Dataset excerpts:
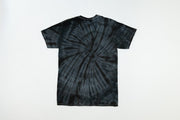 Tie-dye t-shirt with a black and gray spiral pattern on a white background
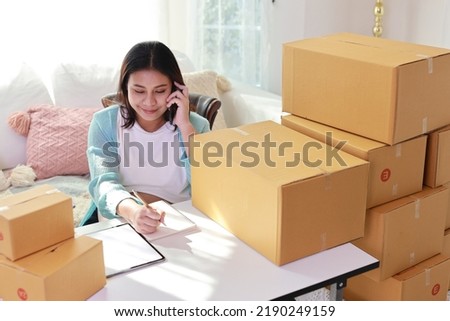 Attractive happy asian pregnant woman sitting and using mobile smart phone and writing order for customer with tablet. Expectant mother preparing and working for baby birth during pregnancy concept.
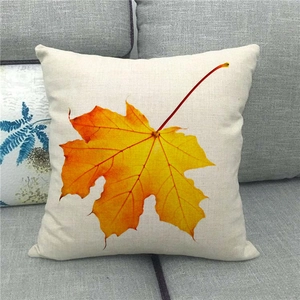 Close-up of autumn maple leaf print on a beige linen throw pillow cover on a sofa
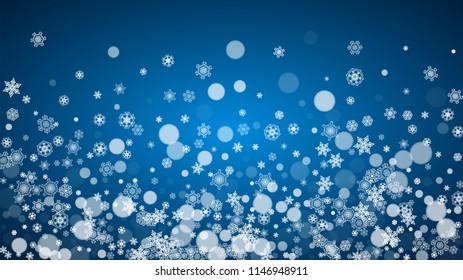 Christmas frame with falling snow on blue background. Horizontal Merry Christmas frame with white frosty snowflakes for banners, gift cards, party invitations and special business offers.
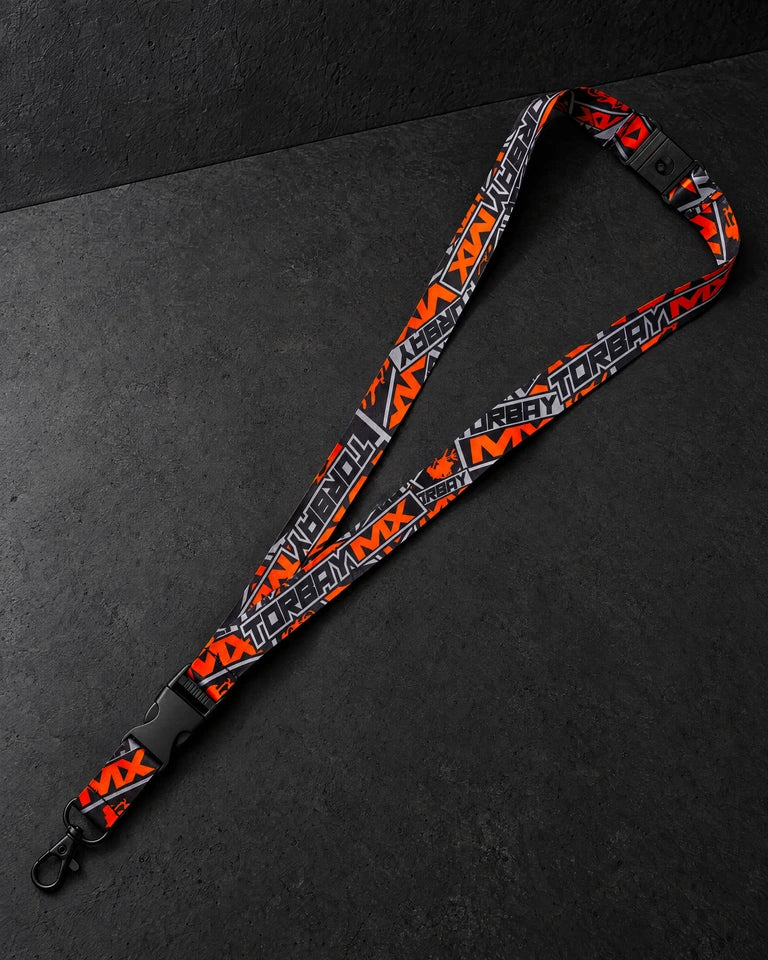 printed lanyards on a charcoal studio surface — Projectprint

==

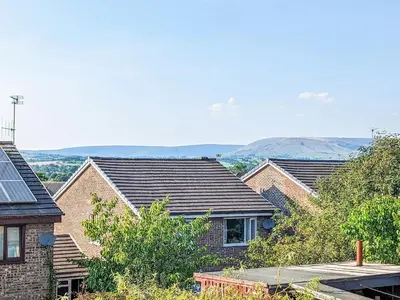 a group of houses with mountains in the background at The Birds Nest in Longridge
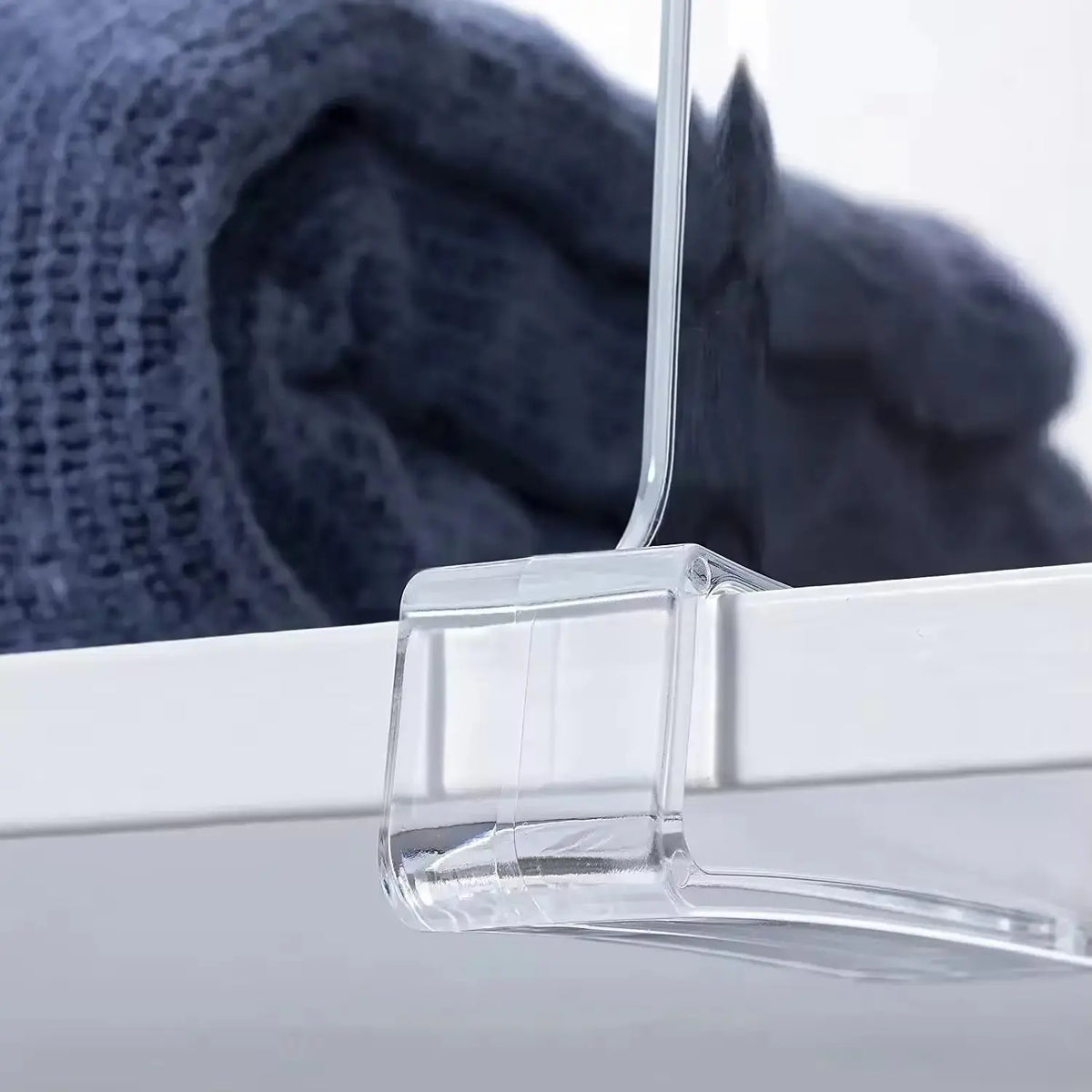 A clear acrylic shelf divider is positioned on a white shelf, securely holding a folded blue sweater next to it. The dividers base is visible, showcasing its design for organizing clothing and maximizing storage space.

Task brief: Copy nothing but the lines above from the one with "a group of houses" to the one with "A clear acrylic", inclusive, word for word. Leave every picture out.

Answer to the exercise:
 a group of houses with mountains in the background at The Birds Nest in Longridge
 A clear acrylic shelf divider is positioned on a white shelf, securely holding a folded blue sweater next to it. The dividers base is visible, showcasing its design for organizing clothing and maximizing storage space.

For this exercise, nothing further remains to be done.